Esta situación no es patrimonio exclusivo de Argentina. Los gobiernos nacionales, populares y democráticos, surgidos en el continente tras el estallido de la hegemonía neoliberal, se adentran, cada cual con sus especificidades, en este terreno tan novedoso como ignoto. El ciclo de reformas que se inició como la búsqueda de una respuesta autónoma a las imposiciones políticas, sociales, económicas, culturales y militares emanadas de la lógica de la valorización financiera del capital a escala planetaria, ha generado estas condiciones de demanda que los Estados, por sí mismos, no pueden responder si no es a condición de hacerlo en concomitancia con las voces populares que se alzan reclamando más igualdad. Otra alternativa les está vedada, a no ser que desconocieran la licencia social con la que cuentan y se deslizaran hacia formas restauradoras conniventes con el viejo orden. En lo inmediato nada indica que sea así, no obstante la proliferación de teóricos de la impostura que, por izquierda y por derecha, profetizan la caída de las caretas que mostrará, al fin, los rostros espurios de las experiencias nacionales, populares y democráticas.
Como sea, lo cierto es que, en Argentina por lo pronto, pareciera haberse llegado a una frontera, un límite que está mucho más dado por la correlación de fuerzas que por una aduana ideológica. Hasta aquí, el Estado ha sido el protagonista exclusivo de los cambios que han venido operándose desde los inicios del kirchnerismo. Como reflejo sensible aunque no mecánico de los sucesos de 2001, la intervención estatal fue imponiéndose a todas las trabas y obstáculos puestos por la reacción conservadora y, al mismo tiempo, esa intervención desnudó la impotencia política del bloque en el poder para reconducir la sociedad en función de sus propios intereses.
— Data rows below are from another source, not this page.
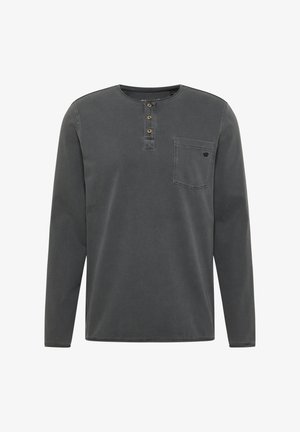 Langærmet skjorte i mørkegrå bomuld, med rund halsudskæring, tre-buttons stolpe, en brystlomme og en subtil ribbet tekstur.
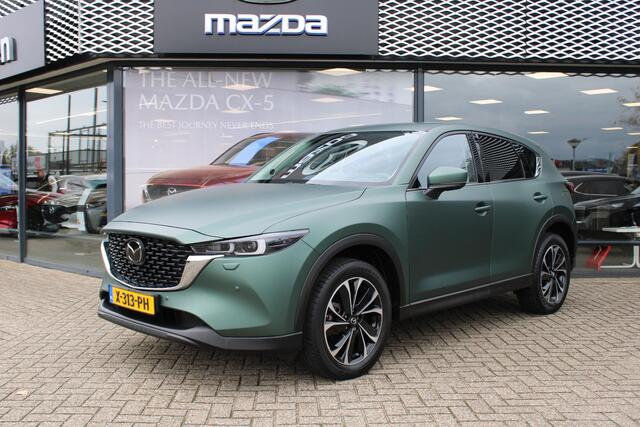 Mazda CX-5 2.0 e-SkyActiv-G M Hybrid 165 Exclusive-Line+Com.P , Automaat, Matte Metallic Pine Green gewrapped, Black Comfort Pack, Navi, Adap.Cruise, Clima, Apple Carplay, 360 Camera, PDC, HUD, Stuur/Stoelverwarming, 19" LMV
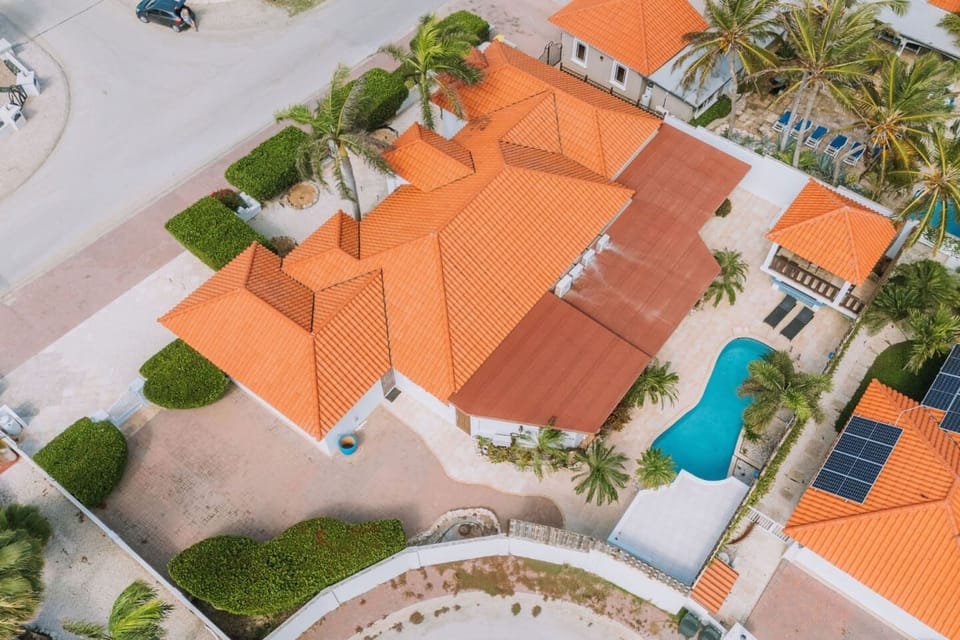 Villa Z welcomes you with its charming exterior and tropical landscaping, giving you an immediate sense of island relaxation.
Sin embargo, el denso entramado jurídico urdido bajo la hegemonía neoliberal (piénsese, por ejemplo, en la vigencia incontestable de la reforma constitucional de 1994), asociado a la inexistencia de una construcción político social capaz de "fijar la agenda", aparecen como hitos inhibitorios de la intervención estatal y se muestran, claramente, como barreras a las demandas por más igualdad.
Pero no son ésas las únicas barreras. El ciclo de reformas y los cambios de todo orden operados a instancias del protagonismo estatal, han creado también la ilusión de que el Estado todo lo puede o, de lo contrario, hay que esperar a que pueda. La fetichización del Estado -que de esto se trata- poco y nada ha contribuido a reparar en la potencialidad de la autonomía relativa de los sujetos sociales concebidos como sujetos políticos, es decir, como actuantes dentro, contra y más allá del propio Estado pero siempre en defensa del interés público. Es más, por la vía de fetichizar al Estado la noción de lo público pareciera ser dominio exclusivo del aparato estatal cuando, en realidad, no siempre lo representa ni lo garantiza. Y si esto es así lo es, precisamente, porque el Estado no es una máquina teledirigida por un poder fantasmal y omnímodo; su estructura, sus modos de relación con la sociedad en general y con las clases y sectores de clase en particular, son una condensación de las relaciones de fuerza que, en un momento histórico determinado, estas clases establecen entre sí. El Estado, como tal, es una disputa visible -más allá de todo fetichismo o ilusión óptica- en la matriz contradictoria que lo informa y lo renueva toda vez que la sociedad discute el rumbo que ha de seguir.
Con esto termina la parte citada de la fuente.